Goodbye Solo
narrative
(USA, 2008, 91 mins)
35mm
Wisconsin Premiere
Directed By: Ramin Bahrani (
IMDB)
writer: Bahareh Azimi, Ramin Bahrani
director of photography: Michael Simmonds
sound supervisor: Tom Efinger
production designer: Chad Keith
co-executive producer: Stephen Bannatyne
executive producer: Brian Devine, Brooke Devine
executive producer: Sally Jo Fifer
producer: Jason Orans, Ramin Bahrani
cast: Souléymane Sy Savané, Red West, Diana Franco Galindo, Lane 'Roc' Williams, Mamadou Lam, Darmen Leyva
director of photography: Taylor Gentry
Solo is a Senegalese taxi driver in Winston-Salem, N.C. One day he picks up a fare: a tough old codger who also hires Solo for a specific trip happening in two weeks. Gregarious, generous, and hard to ignore, Solo tries to get the prickly William to open up. He’s worried that something is wrong, for it seems like Williams has no friends or family. He takes William home to meet his wife and daughter, but after an argument at home Solo moves into William’s motel room, and the two men continue their unlikely friendship. Bahrani has made beautiful films (Chop Shop, WFF08; Man Push Cart, WFF07) with nonprofessional actors. Played by Souléymane Sy Savané, Solo is based on a cab driver that Bahrani met in his home town of Winston-Salem. Savané, who is from Senegal, says: “In my country, there is an old saying: ‘an elder that dies is like a library that burns.’ When I moved to America I was always shocked by Western culture’s lack of interest in the elderly.
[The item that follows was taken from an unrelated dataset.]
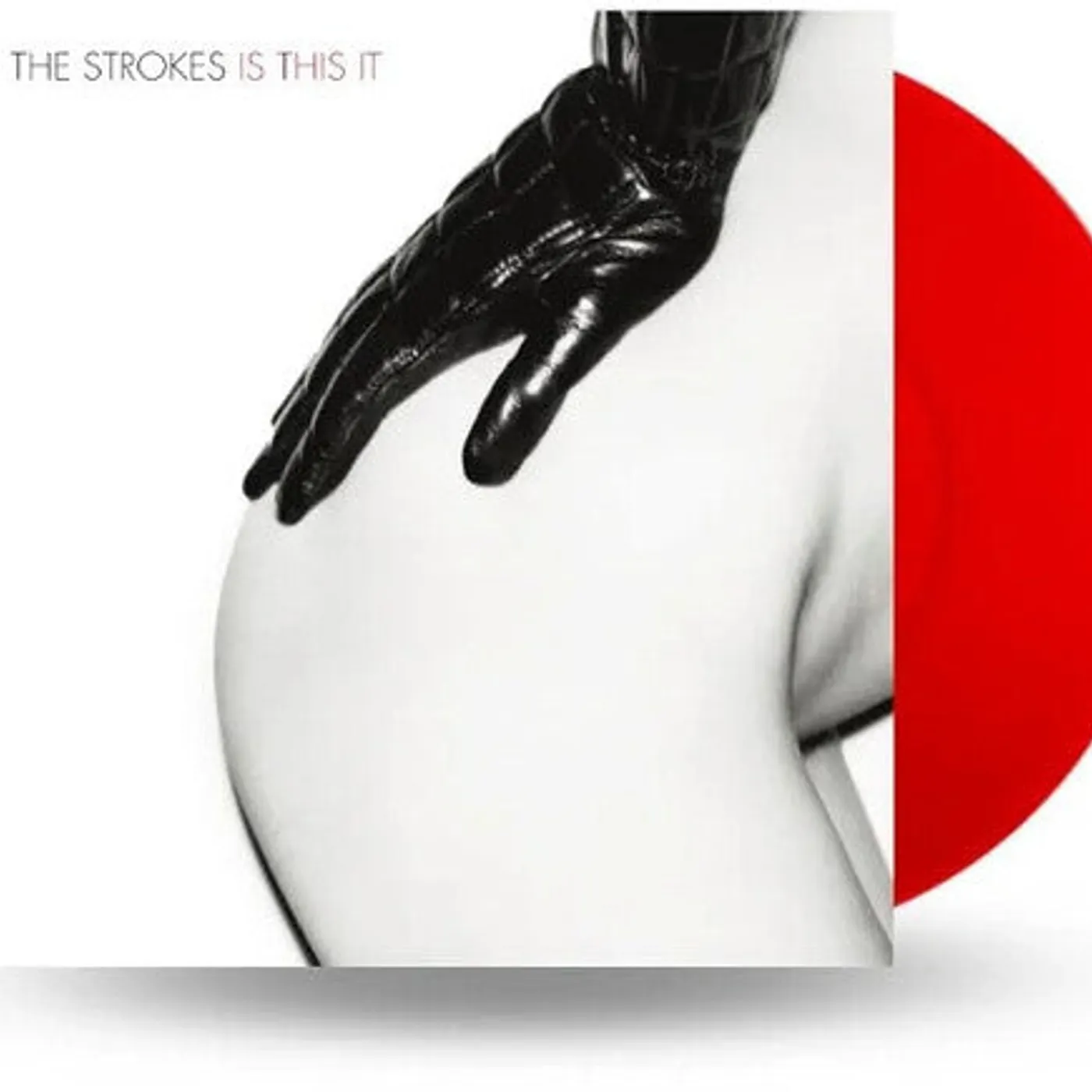 The Strokes LP Vinyl - Is This It (Colv) (Red) (Uk)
In Africa, we would never abandon an elder like William, stranger or not.” “Bahrani is a filmmaker with a specific vision for the kinds of films he wants to create, and he excels at making deceptively minimalist, character-focused films; he's a firm believer in simplicity in filmmaking, and doesn't rely on tricksy conceits, convoluted plots, or funky camera angles to make his point.…the emotions he evokes with his latest effort are stronger and more compelling, and this is my favorite of his films to date.” — Kim Voynar, Cinematical. Winner, FIPRESCI Prize, Venice Film Festival.